O Bank of America adotou uma visão seletiva para as empresas de shopping centers listadas na B3 e apontou a Allos (ALOS3) como sua principal escolha no segmento. O banco manteve recomendação neutra para Iguatemi (IGTI11) e Multiplan (MULT3), mas estima que a Allos possa entregar dividend yield de aproximadamente 14% até 2027, além de elevar seu preço-alvo de R$ 34 para R$ 35.

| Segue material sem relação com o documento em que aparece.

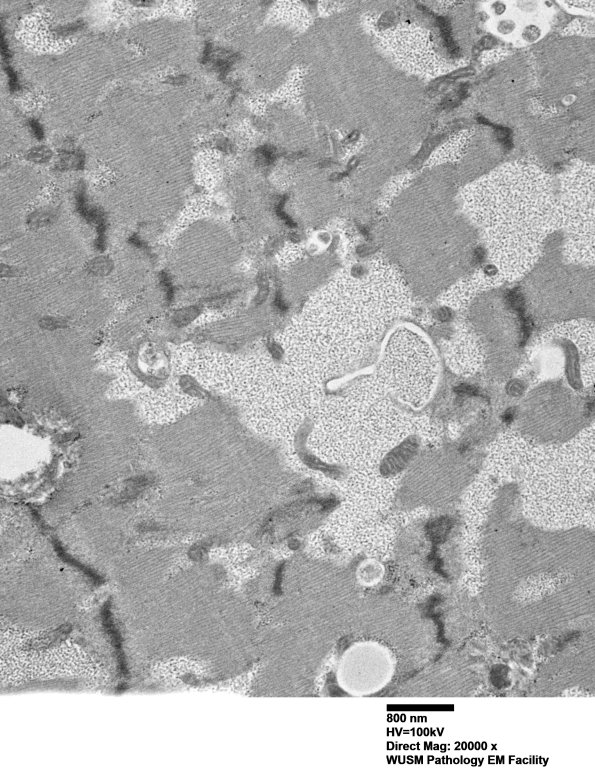 5D3 Muscle (Case 5) EM002 - Copy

Por que a Allos é a preferida do Bank of America

A tese para a Allos combina geração de renda, resiliência dos aluguéis e possibilidade de novas vendas de ativos. O dividend yield é uma medida que relaciona os dividendos esperados ao preço da ação; portanto, a estimativa de 14% indica o potencial de distribuição calculado pelo banco, e não um retorno garantido ao acionista.

O desempenho operacional mostrou alguma desaceleração. As vendas mesmas lojas, indicador que compara unidades em funcionamento nos dois períodos, passaram de crescimento de 7,1% no segundo trimestre de 2025 para 2,4% no segundo trimestre de 2026. Mesmo assim, o crescimento real dos aluguéis ficou em 3,2% — ou 4,6% sem o Shopping Tijuca.

Para o BofA, a combinação sugere que os empreendimentos dominantes da companhia ainda conseguem reajustar preços mesmo com o consumo mais fraco. A ocupação ficou em cerca de 96,2% no segundo trimestre de 2026, enquanto o custo de ocupação foi de 10,3%. Quanto maior a ocupação e mais equilibrado o custo para os lojistas, maior tende a ser a capacidade de preservar receitas de aluguel.

Venda de ativos pode sustentar os dividendos

Outro elemento da análise é a possibilidade de a Allos voltar a fazer a chamada reciclagem de portfólio. O mecanismo consiste em vender participações ou empreendimentos maduros para liberar capital, reduzir a necessidade de recursos próprios e financiar novas operações ou distribuições aos acionistas.

Uma eventual operação com o Kinea FII pode abrir espaço para novas vendas de ativos e prolongar o período de dividendos elevados. O efeito dependerá, porém, da conclusão da transação e das condições obtidas pela companhia em cada desinvestimento.

Iguatemi terá investimentos, mas segue neutra

Para a Iguatemi, o Bank of America manteve recomendação neutra e reduziu o preço-alvo de R$ 31 para R$ 30 por ação. A empresa prevê um ciclo de investimentos de aproximadamente R$ 700 milhões nos próximos três anos, com aquisições de ativos premium, expansões no Iguatemi São Paulo e em Brasília e reformas no Pátio Paulista e no Rio Sul.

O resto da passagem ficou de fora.